Die Röntgendiagnostik ist ein unverzichtbarer Bestandteil der Patientenversorgung. Sie umfasst Untersuchungen mit relativ geringer Strahlenexposition, wie z. B. die häufig durchgeführten Röntgenuntersuchungen des Skelettsystems oder des Brustkorbs.

Röntgendiagnostik durch die verschiedenen menschlichen Gewebe

Röntgendiagnostik

Röntgendiagnostik basiert auf der unterschiedlichen Absorbtion von Röntgenstrahlen durch die verschiedenen menschlichen Gewebe. Man kann aufgrund der verschiedenen Durchlässigkeit der Körpergewebe für Röntgenstrahlen Form und Veränderungen in der Dichte von Organen feststellen. Dazu werden Röntgenstrahlen in einer Röntgenröhre erzeugt und auf die Region des Körpers gerichtet, die untersucht werden soll.
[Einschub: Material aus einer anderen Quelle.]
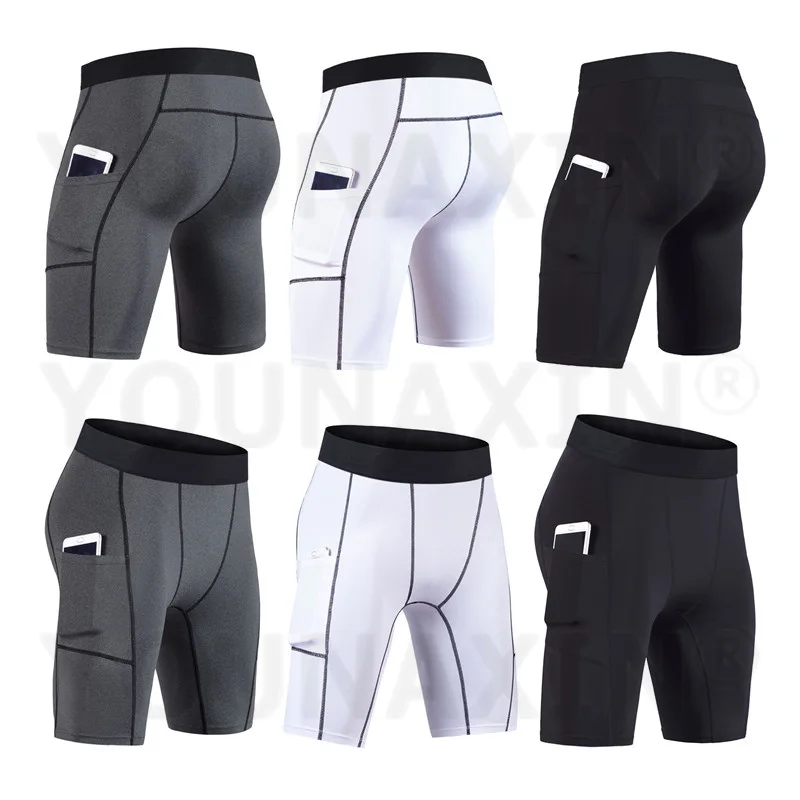 

3 Pcs Men's Running Yoga Sports Shorts Boy Skinny Tight Bodybuilding Pants Training Fitness Bottom Quick Drying Underwear S-3XL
Röntgendiagnostik für Knochen und Gewebe

Röntgendiagnostik

Die Strahlen werden von den verschiedenen Dichten im Körpergewebe unterschiedlich stark geschwächt. Diese Unterschiede werden registriert und in ein Bild umgewandelt, das dann z. B. Knochen oder Organe zeigt.
Der Grad der Abschwächung hängt vom Gewebe ab. Weiches Gewebe wie Fett, Muskeln und Haut absorbiert wenig Strahlung, hartes Gewebe wie Knochen absorbiert dagegen viel Strahlung. Daher wird ein Knochen auf einem Röntgenbild als weiße Struktur dargestellt.